# What you should do
Everything in the listing should be set down exactly, apart from the pictures.

# Information supplied
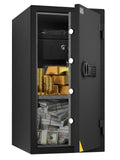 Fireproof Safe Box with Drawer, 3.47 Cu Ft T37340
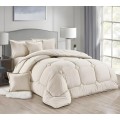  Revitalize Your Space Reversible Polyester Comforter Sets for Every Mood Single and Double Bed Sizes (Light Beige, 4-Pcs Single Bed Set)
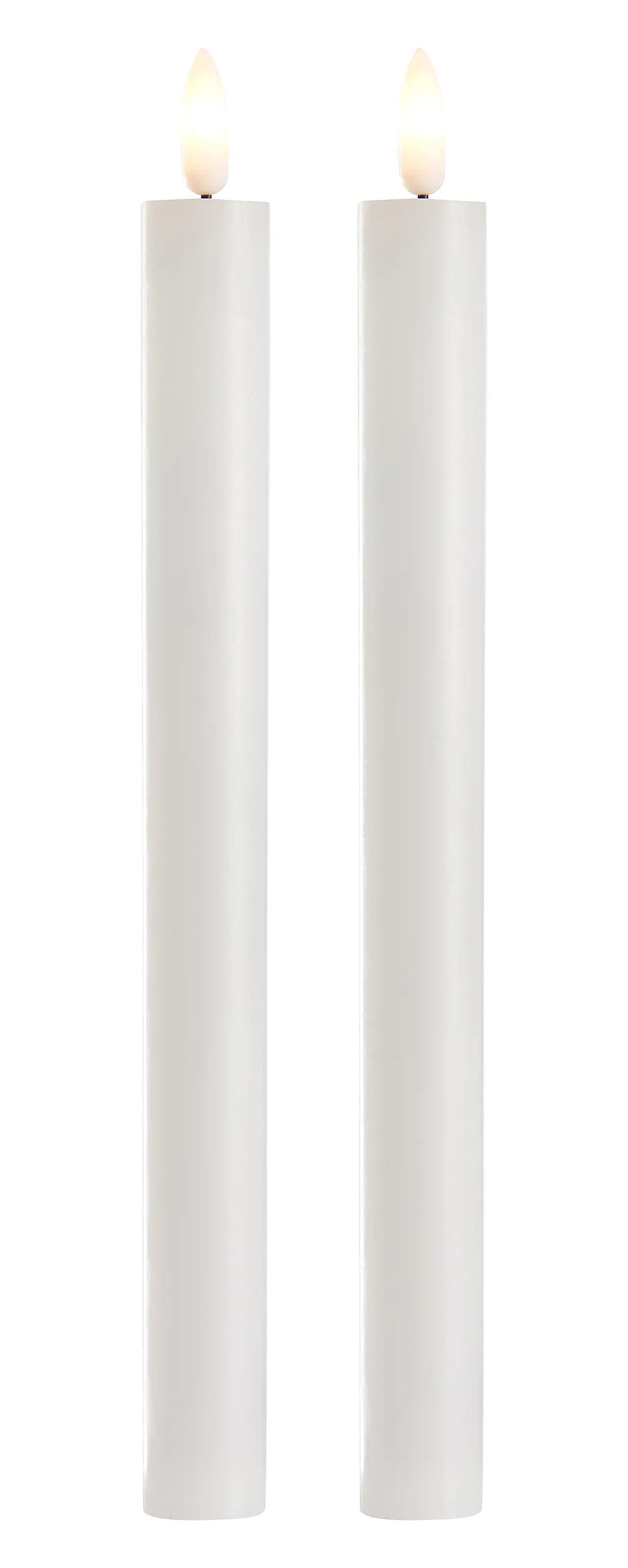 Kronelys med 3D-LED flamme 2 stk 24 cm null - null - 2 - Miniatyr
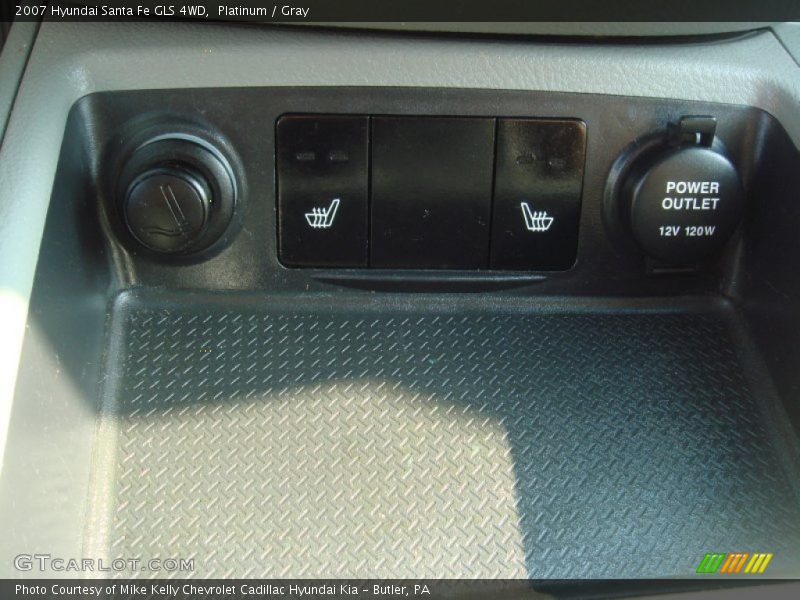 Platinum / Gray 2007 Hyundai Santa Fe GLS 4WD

# Answer below
 Fireproof Safe Box with Drawer, 3.47 Cu Ft T37340
  Revitalize Your Space Reversible Polyester Comforter Sets for Every Mood Single and Double Bed Sizes (Light Beige, 4-Pcs Single Bed Set)
 Kronelys med 3D-LED flamme 2 stk 24 cm null - null - 2 - Miniatyr
 Platinum / Gray 2007 Hyundai Santa Fe GLS 4WD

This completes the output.